All things being equal, when you have derogatory credit, all of the other aspects of the loan need to be in order. Equity, stability, income, documentation, assets, etc. play a larger role in the approval decision. Various combinations are allowed when determining your grade, but the worst-case scenario will push your grade to a lower credit grade. Late home mortgage payments and Bankruptcies/Foreclosures are the most important. Credit patterns, such as a high number of recent inquiries or more than a few outstanding loans, may signal a problem. Since an indication of a ‘willingness to pay’ is important, several late payments in the same time period is better than random lates.
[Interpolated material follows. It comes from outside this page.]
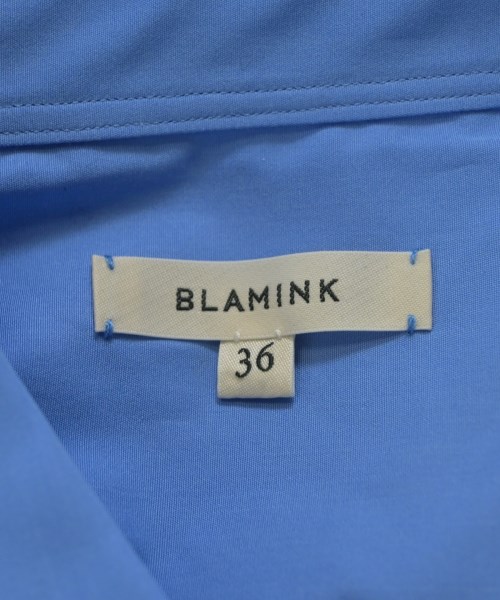 BLAMINK（ブラミンク）カジュアルシャツ 青 サイズ:36(S位) レディース/2200644741477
An appraisal of real estate is the valuation of the rights of ownership. The appraiser must define the rights to be appraised. The appraiser does not create value, the appraiser interprets the market to arrive at a value estimate. As the appraiser compiles data pertinent to a report, consideration must be given to the site and amenities as well as the physical condition of the property. Considerable research and collection of data must be completed prior to the appraiser arriving at a final opinion of value. Using three common approaches, which are all derived from the market, derives the opinion, or estimate of value.
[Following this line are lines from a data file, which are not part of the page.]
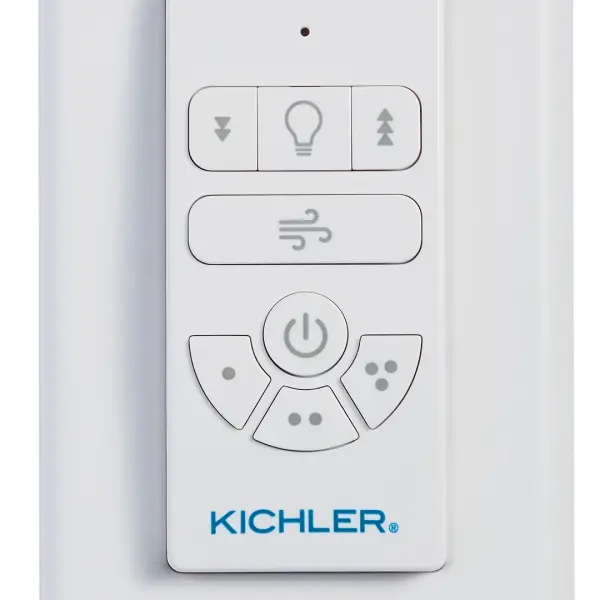 The AC Standard remote offers essential ceiling fan control with dimming capability in a compact handheld design. Perfect for homeowners seeking straightforward fan operation without complex features. - alternate view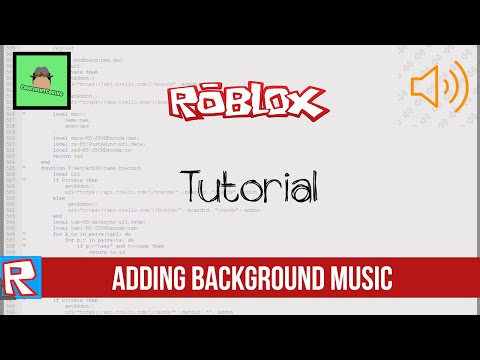 ROBLOX Tutorial - Adding background music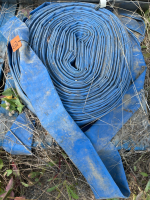 Blue lay flat hose 3&rdquo;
The first approach to value is the COST APPROACH. This method derives what it would cost to replace the existing improvements as of the date of the appraisal, less any physical deterioration, functional obsolescence, and economic obsolescence. The second method is the COMPARISON APPROACH, which uses other ‘bench mark’ properties (comps) of similar size, quality and location that have recently sold to determine value.
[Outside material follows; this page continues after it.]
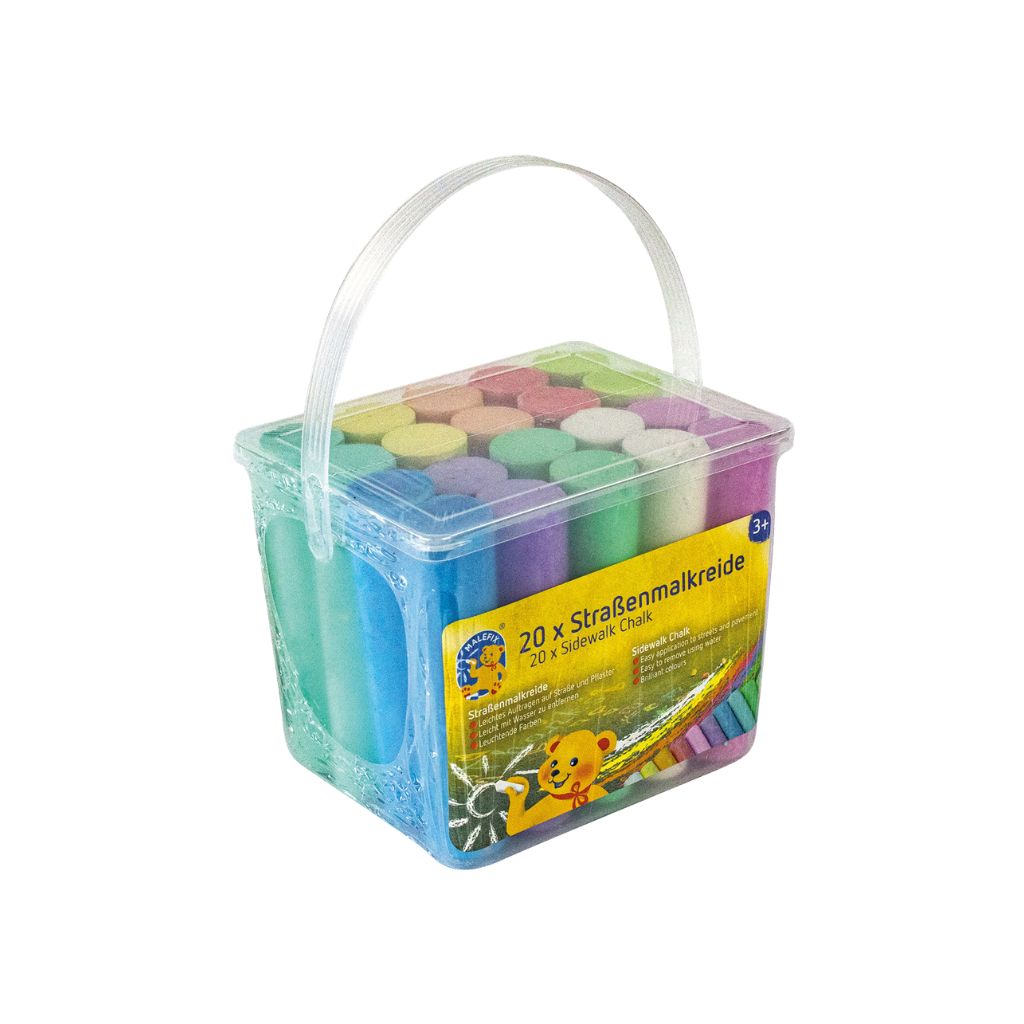 Pustefix Craies de trottoir Multi - 20 pièces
The INCOME APPROACH is used in the appraisal of rental properties and has little use in the valuation of single-family dwellings. This approach provides an objective estimate of what a prudent investor would pay based on the net income the property produces.

Once the processor has put together a complete package with all verifications and documentation, the file is sent to the lender. The underwriter is responsible for determining whether the package is deemed an acceptable home loan. If more information is needed, the loan is put into ‘suspense’ and the borrower is contacted to supply more information and/or documentation. If the mortgage loan is acceptable as submitted, the loan is put into an ‘approved’ status.

Once the home loan is approved, the file is transferred to the closing and funding department. The funding department notifies the broker and closing attorney of the approval and verifies broker and closing fees. The closing attorney then schedules a time for the borrower to sign the loan documentation.

At the closing the borrower should: Bring a cashiers check for your down payment and closing costs if required. Personal checks are normally not accepted and if they are they will delay the closing until the check clears your bank. Review the final loan documents. Make sure that the interest rate and loan terms are what you agreed upon. Also, verify that the names and address on the loan documents are accurate. Sign the loan documents. Bring identification and proof of insurance.

After the documents are signed, the closing notary returns the documents to the lender who examines them and, if everything is in order, arranges for the funding of the loan. Once the loan has funded, the closing attorney arranges for the mortgage note and deed of trust to be recorded at the county recorders office. Once the mortgage has been recorded, the closing attorney then prints the final settlement costs on the HUD-1 Settlement Form. Final disbursements are then made and this is when you get the keys to your new house (or this is when your loan if refinancing).